Collected data entries
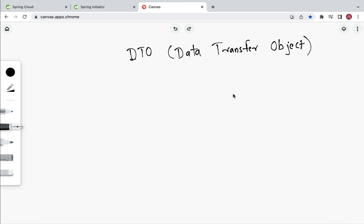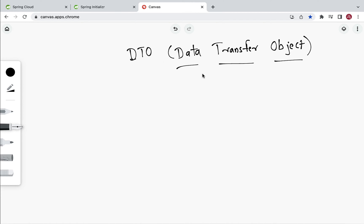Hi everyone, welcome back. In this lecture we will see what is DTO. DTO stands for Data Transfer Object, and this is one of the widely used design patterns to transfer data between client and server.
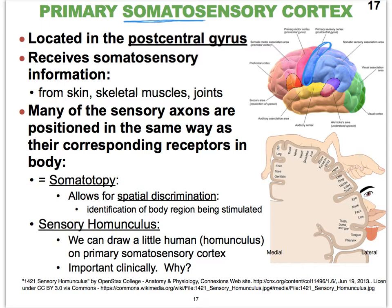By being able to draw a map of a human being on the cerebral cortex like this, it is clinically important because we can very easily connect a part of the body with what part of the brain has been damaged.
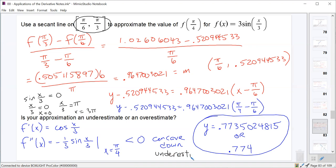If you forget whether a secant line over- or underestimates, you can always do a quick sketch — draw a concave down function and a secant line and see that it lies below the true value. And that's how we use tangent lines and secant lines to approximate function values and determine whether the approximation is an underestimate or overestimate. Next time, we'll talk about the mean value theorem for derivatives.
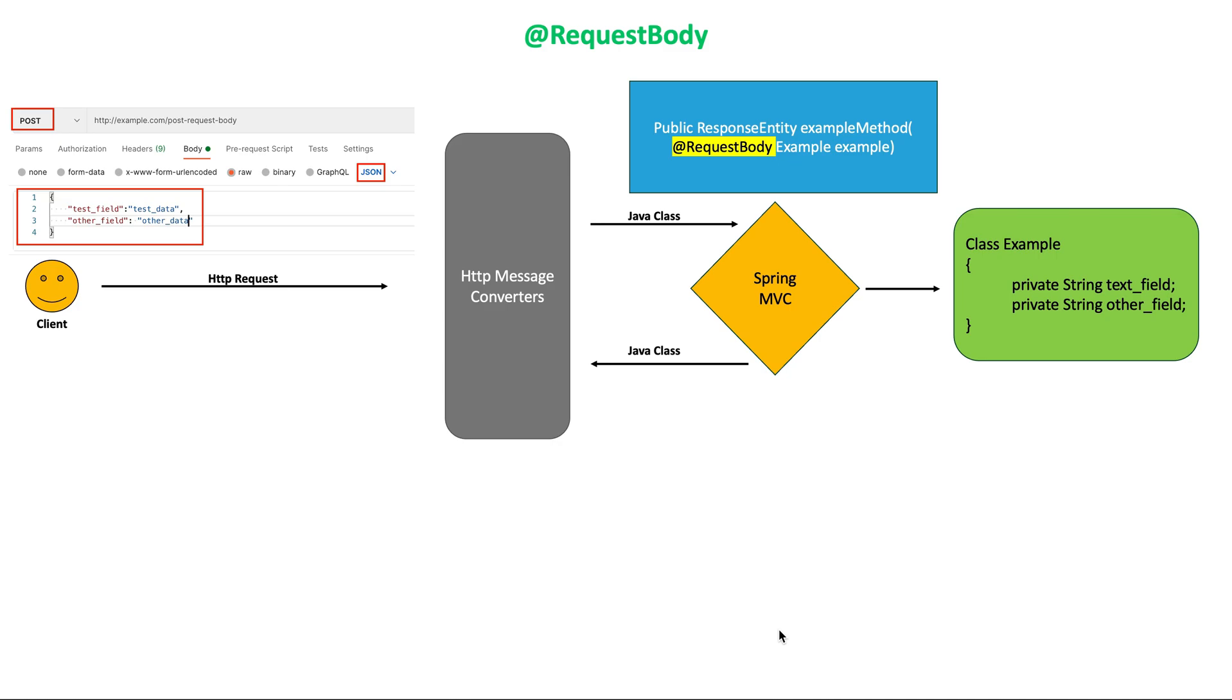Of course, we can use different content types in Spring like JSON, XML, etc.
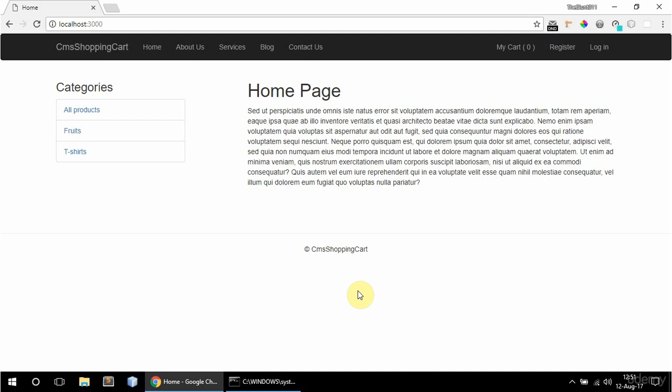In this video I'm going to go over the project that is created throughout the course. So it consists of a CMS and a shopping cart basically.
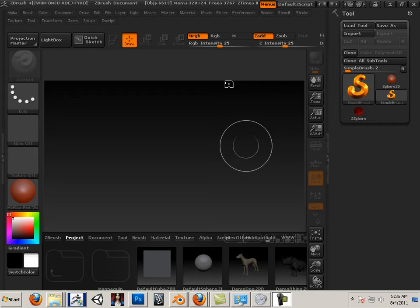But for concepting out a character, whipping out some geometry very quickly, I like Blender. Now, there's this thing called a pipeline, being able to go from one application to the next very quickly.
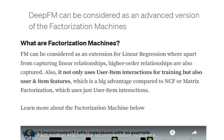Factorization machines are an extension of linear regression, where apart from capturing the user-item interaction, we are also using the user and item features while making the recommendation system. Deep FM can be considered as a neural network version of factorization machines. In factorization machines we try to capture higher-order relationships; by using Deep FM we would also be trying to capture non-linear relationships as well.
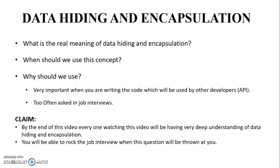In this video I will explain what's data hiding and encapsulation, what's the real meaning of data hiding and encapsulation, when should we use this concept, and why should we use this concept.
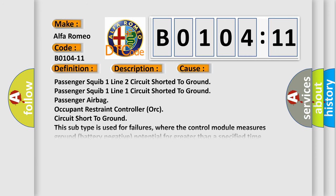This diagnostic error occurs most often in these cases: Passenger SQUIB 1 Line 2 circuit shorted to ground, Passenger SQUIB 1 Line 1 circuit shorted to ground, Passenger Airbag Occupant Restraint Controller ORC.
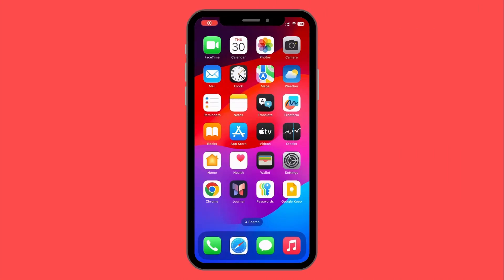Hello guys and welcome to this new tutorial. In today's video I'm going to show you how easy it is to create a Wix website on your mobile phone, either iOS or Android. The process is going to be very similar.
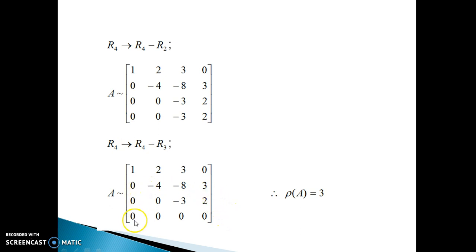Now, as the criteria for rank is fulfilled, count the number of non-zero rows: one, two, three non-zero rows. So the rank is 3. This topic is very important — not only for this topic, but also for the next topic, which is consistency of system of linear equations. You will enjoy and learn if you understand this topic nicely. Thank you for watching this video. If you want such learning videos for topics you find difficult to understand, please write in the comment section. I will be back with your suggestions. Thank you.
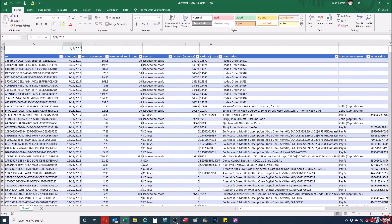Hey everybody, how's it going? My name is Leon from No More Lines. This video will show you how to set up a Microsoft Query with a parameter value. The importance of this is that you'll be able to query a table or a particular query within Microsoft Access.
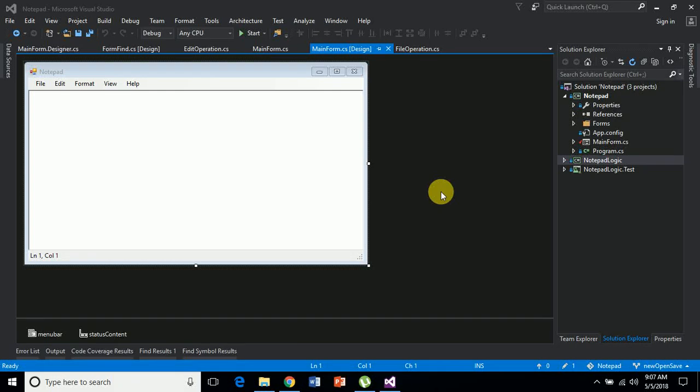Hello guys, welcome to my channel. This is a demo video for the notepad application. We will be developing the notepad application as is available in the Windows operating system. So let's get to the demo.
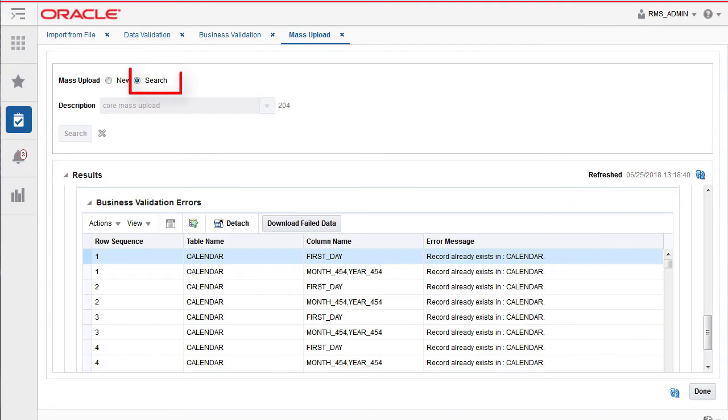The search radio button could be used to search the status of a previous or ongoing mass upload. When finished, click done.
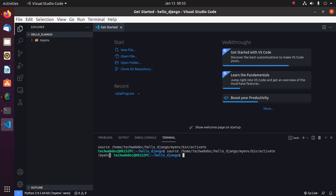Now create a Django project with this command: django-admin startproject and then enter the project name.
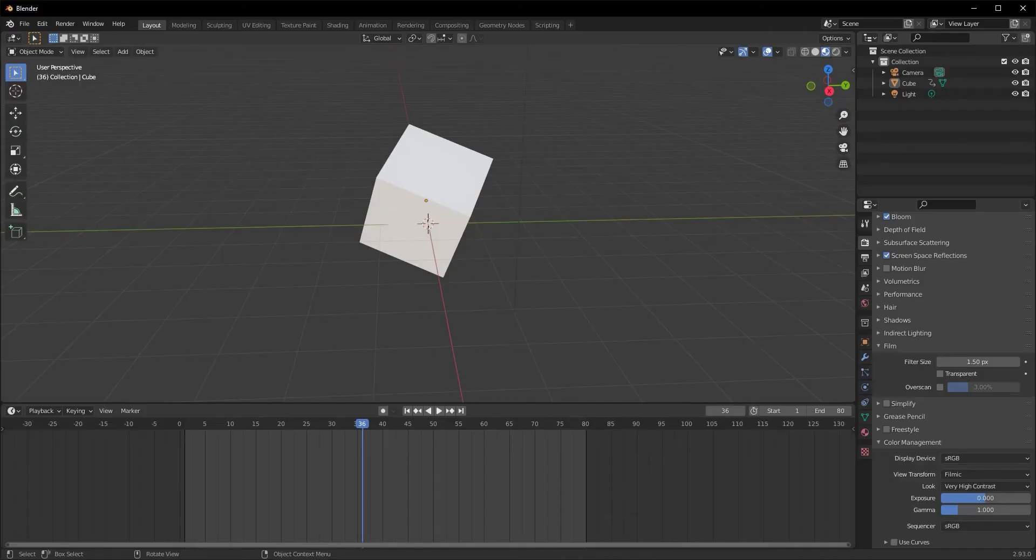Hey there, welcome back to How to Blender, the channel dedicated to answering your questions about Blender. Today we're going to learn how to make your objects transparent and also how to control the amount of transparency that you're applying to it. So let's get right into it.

__Problem requirements__
Starting at the line containing "Of course, we" and stopping at the line containing "In this video I will", output each line exactly as it appears above. Leave out the pictures.

__Problem solution__
Of course, we can use different content types in Spring like JSON, XML, etc.
In this video I'm going to go over the project that is created throughout the course. So it consists of a CMS and a shopping cart basically.
But for concepting out a character, whipping out some geometry very quickly, I like Blender. Now, there's this thing called a pipeline, being able to go from one application to the next very quickly.
Factorization machines are an extension of linear regression, where apart from capturing the user-item interaction, we are also using the user and item features while making the recommendation system. Deep FM can be considered as a neural network version of factorization machines. In factorization machines we try to capture higher-order relationships; by using Deep FM we would also be trying to capture non-linear relationships as well.
In this video I will explain what's data hiding and encapsulation, what's the real meaning of data hiding and encapsulation, when should we use this concept, and why should we use this concept.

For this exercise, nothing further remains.